Die Kunstgeschichte benötigt als Geisteswissenschaft in besonderem
Maße die Bibliotheken. Sie sind es, die den Kunsthistoriker durch den
Einsatz von EDV bei seiner Arbeit bereits heute maßgeblich
unterstützen (Rüdiger Hoyer). Als ein wichtiges bibliographisches
Hilfsmittel wird die neue Fachverbunddatenbank für Kunstgeschichte
vorgestellt, die vom KHI (Florenz), vom Zentralinstitut für
Kunstgeschichte (München) sowie von der Bibliotheca Hertziana (Rom)
gespeist und bald über das Internet zugänglich sein wird.[1] Alle drei
Institute erschließen ihren jeweiligen Sammelschwerpunkten gemäß auch
unselbständige Literatur, was für die Wissenschaft von größter
Bedeutung ist, spiegelt sich die aktuelle kunsthistorische Forschung
heutzutage doch vornehmlich in Aufsätzen wieder.

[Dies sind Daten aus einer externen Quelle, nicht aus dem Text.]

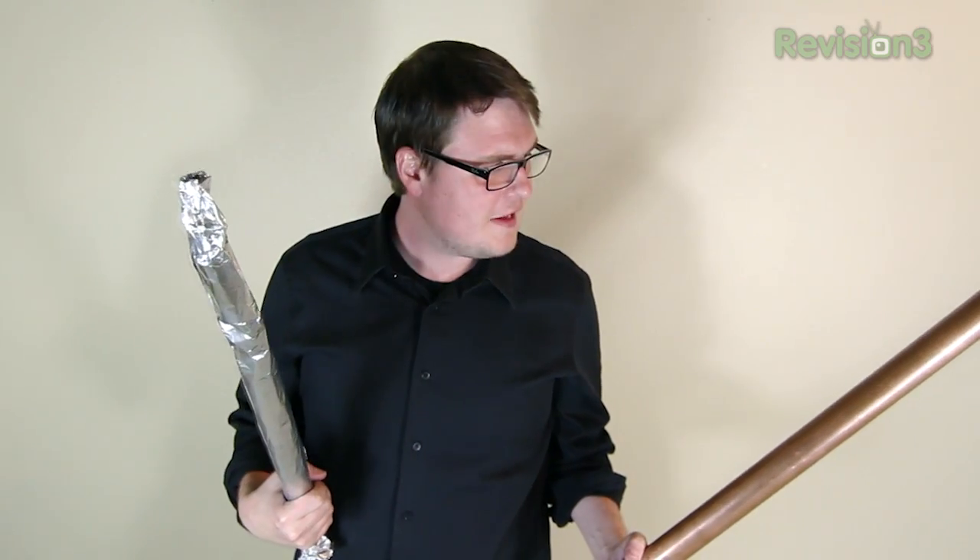Speaking of defending your castle, I want to thank this week's sponsor, Carbonite. If you're anything like me, then your computer already is your castle and you'll do anything to defend it — your photos, your movies, your videos, your music, it's all there. Even your bank data, your social security number. You want to back it up and you want it to be protected. Well, great news — Carbonite's going to help you sleep at night.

Da diese Einrichtungen gemeinsam mit den drei großen
Museumsbibliotheken in Nürnberg, Köln und Berlin ein
Schwerpunktprogramm der DFG bilden, ist es zu bedauern, daß sich keine
"große Lösung" in Form einer von allen Projektteilnehmern gemeinsam
aufgebauten Datenbank zur Zeit durchsetzen ließ, zumal auch die
gleichfalls von der DFG finanzierten Sondersammelgebietsbibliotheken
für Kunstgeschichte in Dresden und Heidelberg nicht am Fachverbund
partizipieren. Zu unterschiedlich sind offenbar die Interessen. Eine
kleine Lösung und ein Anfang sind aber allemal besser als keine
Lösung.
In welchen Bereichen die EDV in den drei klassischen Arbeitsfeldern
unseres Fachs Lehre und Forschung, Denkmalpflege, Museen Einzug hielt,
veranschaulichen zahlreiche Beiträge.
Katharina und Robert Erber berichten über Einsatzmöglichkeiten
multimedialer Präsentation, die zur Veranschaulichung von Kunstwerken
im Hörsaal hilfreich sein kann. Allen 3-D-Modellen zum Trotz wird der
Lokaltermin für den Kunsthistoriker weiterhin unverzichtbar sein. Die
ganz besondere Aura eines Kunstwerkes läßt sich nicht auf eine
Aluminiumschicht bannen. Ob sich der hier ausgesprochene Vorschlag
eines freien Datentauschs digitalisierten Bildmaterials zwischen
kunstwissenschaftlichen Instituten umsetzen läßt, erscheint ob der
mangelnden technischen Ausstattung zahlreicher Einrichtungen und der
rechtlichen Beschränkungen, die das Urheberrecht vorsieht,
zweifelhaft.
Harald Krämer beschäftigt sich mit dem Einsatz von Text- und
Bilddatenbanken und unterstreicht die Wichtigkeit der Strukturanalyse.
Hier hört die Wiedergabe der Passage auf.